Use the textscan function to import the data, as it gives the flexibility needed to import particular columns from a file of mixed text of data; it also can contend with "NA" as an indicator of a missing value. Extract columns 1, 2, 4, and 5 (Year, Month, DayOfWeek, DepTime) from one file on the local machine.

tic
srcFile = fullfile(dataFolder, files(8).name);
f = fopen(srcFile);
C = textscan(f, '%f %f %*f %f %f %*[^\n]', 'Delimiter', ',', ...
    'HeaderLines', 1, 'TreatAsEmpty', 'NA');
fclose(f);
[Year, Month, DayOfWeek, DepTime] = C{:};
sprintf('%g seconds to load "%s".\n', toc, srcFile)
ans =

52.4414 seconds to load "/Volumes/HD2/airline/data/1994.csv".


Open a Pool of Local Workers

The previous step probably took a bit of time to import, maybe a full minute. Luckily, this operation will run in parallel later. If necessary, open an 8-worker pool now:

try
    parpool('local', 8);
catch
end
Starting parallel pool (parpool) using the 'local' profile ... connected to 8 workers.

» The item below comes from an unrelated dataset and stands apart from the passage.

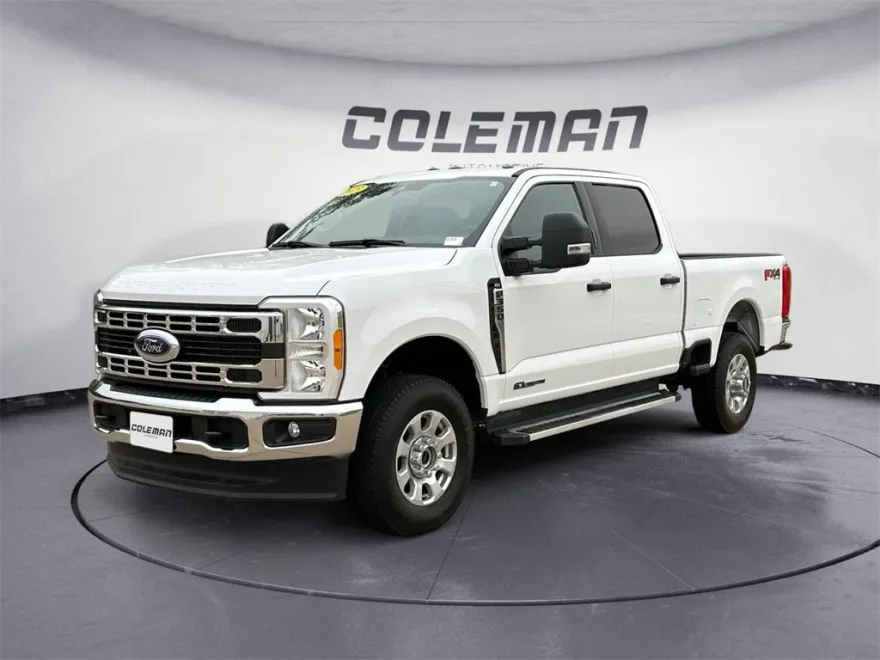 2023 Ford F-350 XL photo 1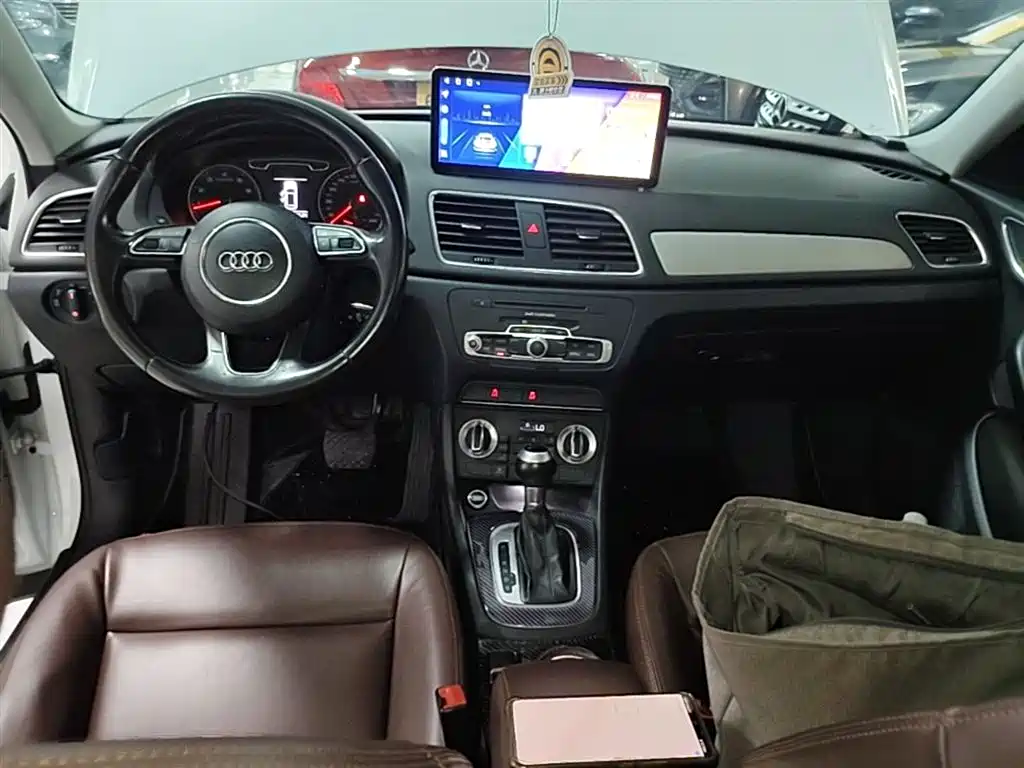 Audi Q3 2015 30 TFSI Progressive фото 10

Load One File to All Workers

Move the textscan code to the cluster, and have all of the nodes in the cluster load this file. This is done with a single program/multiple data (SPMD) block. An spmd block of MATLAB code is executed on all eight of the workers in parallel:

tic
spmd
    srcFile = fullfile(dataFolder, files(8).name);
    f = fopen(srcFile);
    C = textscan(f, '%f %f %*f %f %f %*[^\n]', 'Delimiter', ',', ...
        'HeaderLines', 1, 'TreatAsEmpty', 'NA');
    [Year, Month, DayOfWeek, DepTime] = C{:};
    fclose(f);
end
sprintf('%g seconds to load "%s" on all workers.\n', toc, srcFile{1})
ans =

65.2914 seconds to load "/Volumes/HD2/airline/data/1994.csv" on all workers.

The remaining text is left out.